Schlüsselspieler sollen bleiben
Auch Boldt machte Hoffnung auf einen Verbleib der Schlüsselspieler: «Sie wissen, was sie an Hamburg und an uns haben.» Dass der HSV den Aufstieg verpasst hat, dürfte die Verhandlungspositionen aber nicht besser machen.
Dass aber dringender Handlungsbedarf auf einigen Positionen besteht, hat auch der Sportchef erkannt. «Wir haben über die zwei Spiele gesehen, dass noch Luft da ist», sagte Boldt. Vor allem in der Defensive muss nachgebessert werden.

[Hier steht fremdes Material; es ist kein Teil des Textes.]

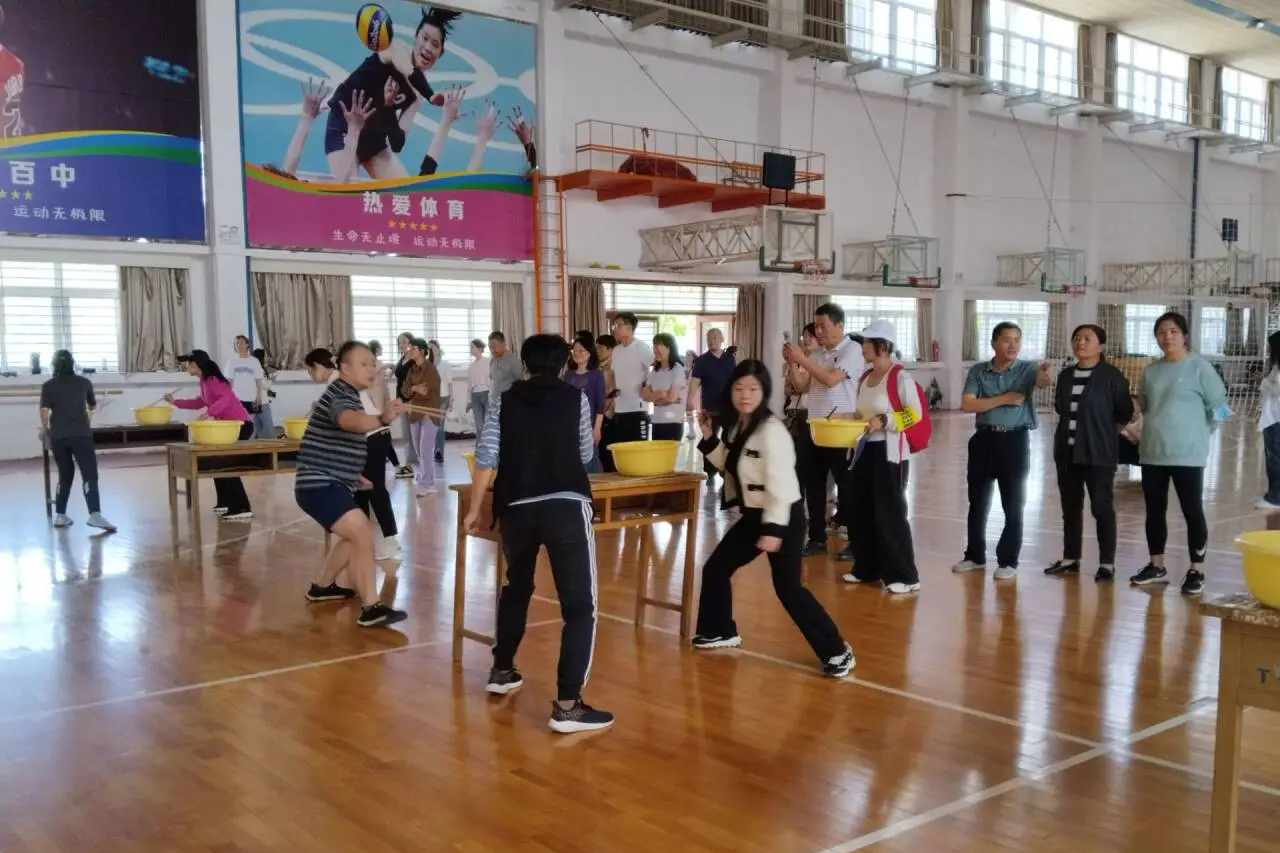 混合教工组筷子夹乒乓球接力第一名.jpg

Dass der sogenannte Walter-Fußball auf den Prüfstand kommt, ist wohl eher unwahrscheinlich. Die Trainer-Strategie, mit Ballbesitz flach aus der Defensive auf die Flügel zu spielen und dort Eins-gegen-Eins-Situationen zu schaffen, seine Gegner zu dominieren, funktioniert meist nur gegen schwächere Teams. Mannschaften wie der 1. FC Magdeburg, der FC St. Pauli, Heidenheim und Darmstadt fanden ihre Mittel und Wege gegen den HSV. Einen Plan B hat und will Walter offensichtlich nicht.
Öffentliche Selbstzweifel oder gar Selbstkritik sind seine Sache nicht. Siege wurden überbewertet und Niederlagen kleingeredet. «Ich kann ja nicht negativ denken und positiv handeln», erklärte er vor den beiden Relegationsspielen. «Das funktioniert ja nicht. Deswegen gibt es überhaupt keine negativen Gedanken.» Kommt Kritik auf, wischt Walter sie rigoros vom Tisch. Das stärkt vielleicht die mannschaftliche Geschlossenheit, nach außen wirkt das aber stur und manchmal gar überheblich.